● **Supplied information**
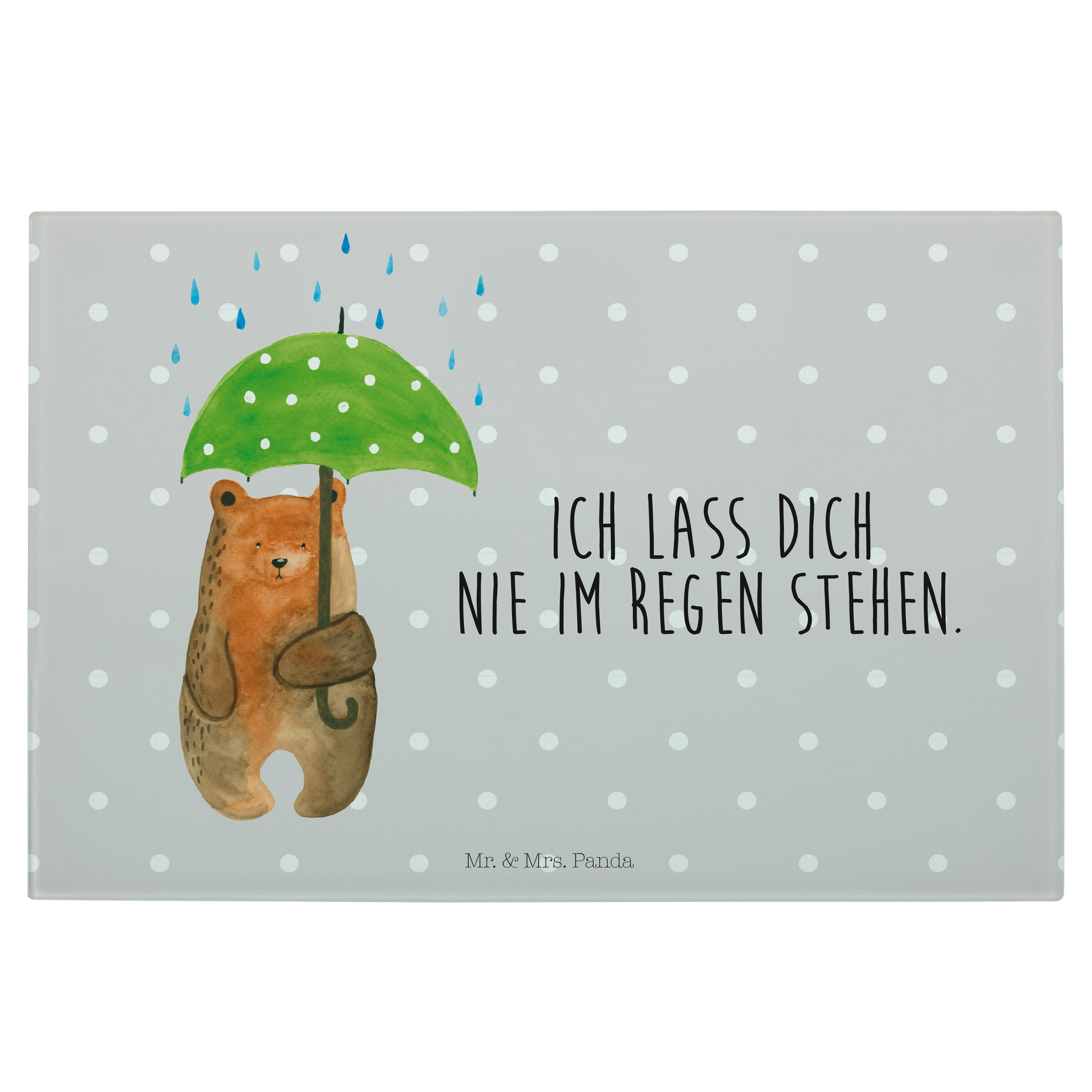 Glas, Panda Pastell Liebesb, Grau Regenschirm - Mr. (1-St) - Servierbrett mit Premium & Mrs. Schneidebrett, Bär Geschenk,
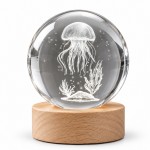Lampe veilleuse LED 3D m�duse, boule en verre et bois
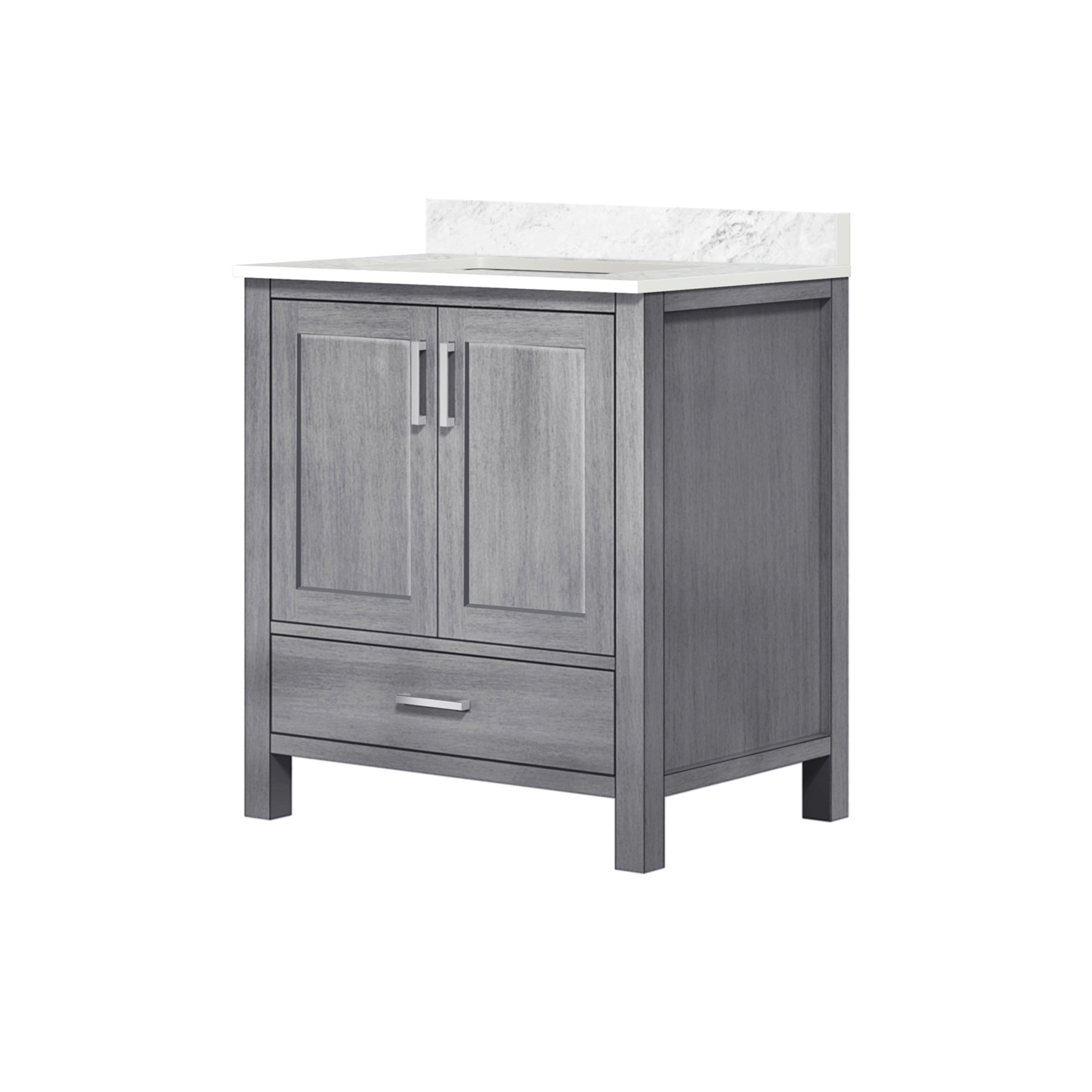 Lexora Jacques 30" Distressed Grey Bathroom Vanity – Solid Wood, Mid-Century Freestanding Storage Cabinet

---

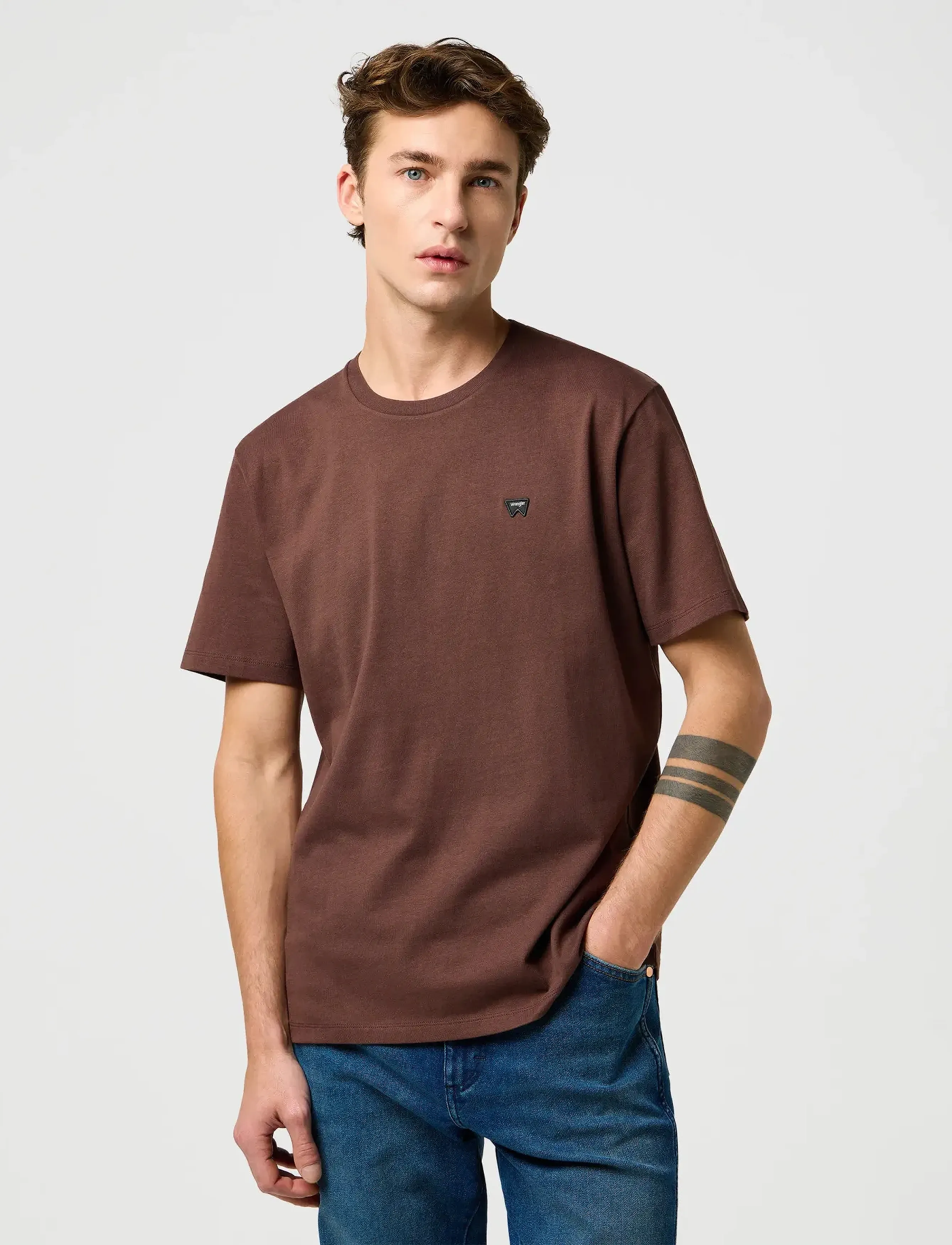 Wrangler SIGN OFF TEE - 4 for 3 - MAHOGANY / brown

● **Brief**
Give back exactly the lines of the listing above from the one that contains "Glas, Panda Pastell" up to and including the one that contains "Freestanding Storage Cabinet", but not the pictures, and no other lines.

● **Solution for this problem**
 Glas, Panda Pastell Liebesb, Grau Regenschirm - Mr. (1-St) - Servierbrett mit Premium & Mrs. Schneidebrett, Bär Geschenk,
Lampe veilleuse LED 3D m�duse, boule en verre et bois
 Lexora Jacques 30" Distressed Grey Bathroom Vanity – Solid Wood, Mid-Century Freestanding Storage Cabinet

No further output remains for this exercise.